2:24-cv-00162
Byteweavr LLC v. Databricks Inc
I. Executive Summary and Procedural Information
- Parties & Counsel:- Plaintiff: Byteweavr, LLC (Texas)
- Defendant: Databricks, Inc. (Delaware)
- Plaintiff’s Counsel: BRAGALONE OLEJKO SAAD PC
 
- Case Identification: 2:24-cv-00162, E.D. Tex., 07/18/2024
- Venue Allegations: Plaintiff alleges venue is proper because Defendant Databricks maintains a regular and established place of business in Plano, Texas, within the Eastern District of Texas.
- Core Dispute: Plaintiff alleges that Defendant’s Databricks Lakehouse Platform, a unified data management and analytics platform, infringes seven patents related to extensible network systems, distributed data processing, automated workflow management, and data compression.
- Technical Context: The technology at issue is in the field of large-scale, cloud-based data analytics and artificial intelligence platforms, a commercially significant market for enterprise data warehousing and machine learning applications.
- Key Procedural History: The complaint indicates that all seven asserted patents have expired. This positions the lawsuit as a purely retrospective action focused on claims for past monetary damages, rather than prospective injunctive relief.
Case Timeline
| Date | Event | 
|---|---|
| 1998-07-08 | Earliest Priority Date (’153 Patent) | 
| 1998-10-23 | Priority Date (’733, ’752 Patents) | 
| 2000-06-23 | Priority Date (’474 Patent) | 
| 2001-04-13 | Priority Date (’827 Patent) | 
| 2002-01-28 | Priority Date (’897 Patent) | 
| 2002-07-05 | Priority Date (’488 Patent) | 
| 2004-01-01 | ’733 Patent Issued | 
| 2005-03-01 | ’488 Patent Issued | 
| 2005-11-15 | ’897 Patent Issued | 
| 2006-07-25 | ’474 Patent Issued | 
| 2011-02-15 | ’153 Patent Reissued | 
| 2011-05-24 | ’752 Patent Issued | 
| 2012-09-25 | ’827 Patent Issued | 
| 2013-01-01 | Databricks Founded | 
| 2019-08-28 | Accused MLflow functionality accessible | 
| 2020-01-01 | Accused "Lakehouse" platform introduced | 
| 2022-05-10 | Accused Databricks Workflows introduced | 
| 2024-07-18 | Complaint Filing Date | 
II. Technology and Patent(s)-in-Suit Analysis
U.S. Patent No. 6,839,733 - "Network system extensible by users"

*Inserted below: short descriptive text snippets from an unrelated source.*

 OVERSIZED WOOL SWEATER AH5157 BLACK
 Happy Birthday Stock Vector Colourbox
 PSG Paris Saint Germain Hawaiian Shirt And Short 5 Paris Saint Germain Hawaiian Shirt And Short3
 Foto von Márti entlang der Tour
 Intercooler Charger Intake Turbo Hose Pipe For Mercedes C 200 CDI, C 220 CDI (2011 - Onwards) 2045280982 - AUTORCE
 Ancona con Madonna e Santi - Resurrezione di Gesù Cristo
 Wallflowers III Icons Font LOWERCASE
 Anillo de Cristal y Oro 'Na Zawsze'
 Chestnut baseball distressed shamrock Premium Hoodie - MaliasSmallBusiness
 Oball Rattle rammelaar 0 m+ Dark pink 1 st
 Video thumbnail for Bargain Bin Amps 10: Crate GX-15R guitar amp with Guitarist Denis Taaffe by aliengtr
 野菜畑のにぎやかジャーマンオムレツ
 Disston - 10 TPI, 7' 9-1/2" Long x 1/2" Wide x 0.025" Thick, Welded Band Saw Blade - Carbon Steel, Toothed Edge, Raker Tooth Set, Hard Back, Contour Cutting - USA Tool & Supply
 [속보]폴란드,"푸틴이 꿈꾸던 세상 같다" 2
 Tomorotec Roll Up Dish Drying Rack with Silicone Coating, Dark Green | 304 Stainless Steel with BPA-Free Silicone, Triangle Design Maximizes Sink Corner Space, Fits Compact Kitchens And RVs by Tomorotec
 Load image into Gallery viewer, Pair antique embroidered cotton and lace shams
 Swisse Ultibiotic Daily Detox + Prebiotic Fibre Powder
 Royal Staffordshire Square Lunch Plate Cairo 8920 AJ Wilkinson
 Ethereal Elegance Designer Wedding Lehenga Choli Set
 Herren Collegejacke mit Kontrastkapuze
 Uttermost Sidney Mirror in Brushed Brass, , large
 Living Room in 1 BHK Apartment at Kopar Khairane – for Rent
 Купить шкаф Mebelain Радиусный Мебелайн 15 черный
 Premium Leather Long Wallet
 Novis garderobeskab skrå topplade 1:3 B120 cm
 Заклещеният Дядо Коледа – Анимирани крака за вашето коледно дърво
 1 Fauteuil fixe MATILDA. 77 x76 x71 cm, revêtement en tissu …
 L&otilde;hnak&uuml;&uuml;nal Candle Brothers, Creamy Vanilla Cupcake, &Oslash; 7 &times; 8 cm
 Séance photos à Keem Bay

- Patent Identification: U.S. Patent No. 6,839,733, "Network system extensible by users," Issued Jan. 4, 2005.
The Invention Explained
- Problem Addressed: The patent describes a problem in which technological services (e.g., email, voice mail) were generalized for a broad subscriber base, making customization for individual users a difficult, slow, and expensive process that required direct intervention by the service provider's software developers (ʼ733 Patent, col. 2:4-29).
- The Patented Solution: The invention proposes a network system augmented with an "agent system" to solve this problem. Users, through a user interface, can interact with an "agent server" to create, modify, or delete software "agents." These agents are described as autonomous software objects that act on the user's behalf to utilize network services, thereby extending or customizing the network's functionality without direct developer intervention from the service provider (’733 Patent, Abstract; col. 3:11-14; FIG. 1).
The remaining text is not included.